The Princeton team came up with an algorithm that within seconds can optimally assign 100 proposals to dozens of different reviewers. "And frankly," says Burka, "it sometimes gives us a better solution than if we did it by hand."

Indeed, the solution Floudas and his colleagues invented has potential applications that extend far beyond NSF's review problem. The researchers say the same solution could be used by hospitals to schedule interns and nurses, by the military to deploy combat units or by school administrations to assign teachers to classes.

The NSF review dilemma belongs to a class of mathematical problems known as the "General Assignment Problem" or GAP, which has been the subject of considerable research over the past 20 years. Basically, as the number of variables in a mathematics problem increases, the computer power required to solve the problem can increase exponentially--making large problems potentially intractable.

For example, when Janak came up with a model for figuring out the optimal way to assign 100 proposals to 40 reviewers, she was confronted with more than 100,000 possibilities. The Princeton model narrowed those options down to the best way to assign several papers to each reviewer.

The researchers had to incorporate the following conditions into their model:

• Each reviewer had to be assigned approximately the same number of proposals.

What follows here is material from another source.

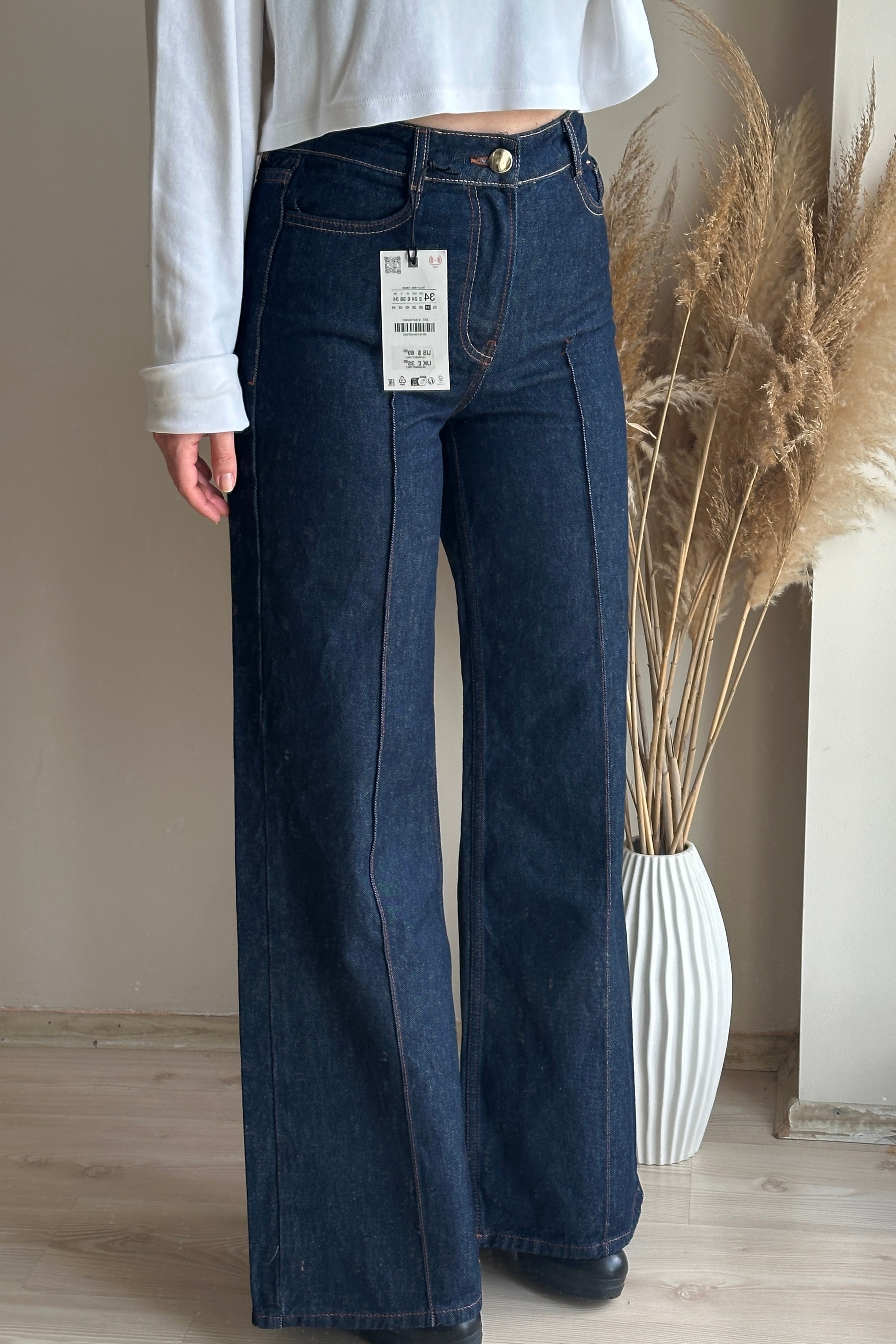 ZR Z1975 Çimalı Koyu Mavi Jean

• Each proposal had to be assigned to the same number of reviewers, each of whom had to have a different rank. Of four reviewers, each would hold a rank of either lead reviewer, scribe, first reviewer or second reviewer, and each reviewer had to hold different ranks approximately the same number of times.

• Reviewers who had a conflict of interest with a proposal could not be assigned to review it.

• Assignments had to take into account reviewer preferences for proposals; a reviewer who expressed a strong desire to review a particular proposal had to be given a higher reviewer rank than someone who had expressed less.

Janak says the difficult part of developing the model was distributing the proposals to reviewers in a fair way while taking into account the reviewers' preferences for certain proposals over others.

To ensure that the model hewed to these restrictions, Janak had to use an unusual set of techniques called "logic inference principles." "It's not a methodology that a lot of people use or are aware of, but it was something that was necessary in this case to derive our model," she says.

Maria Burka of the NSF began using the algorithm on an experimental basis in April. "It works beautifully," she said.

How is it that chemical engineers like Floudas and his team ended up solving a problem that apparently has nothing to do with chemical engineering? They specialize in optimization, which is essentially the science of inventing mathematical formulas to make things run efficiently. Floudas' group has applied optimization to problems in engineering, computational chemistry and molecular biology.

Floudas, who is an associate faculty member in the Program in Applied and Computational Mathematics and the Department of Operations Research and Financial Engineering, has written two textbooks on optimization, and his research group has made fundamental contributions to the field.

The Industrial & Engineering Chemistry Research journal electronically published a paper by the team about the algorithm in November. Princeton's Office of Technology Licensing filed a patent application on behalf of the researchers in July.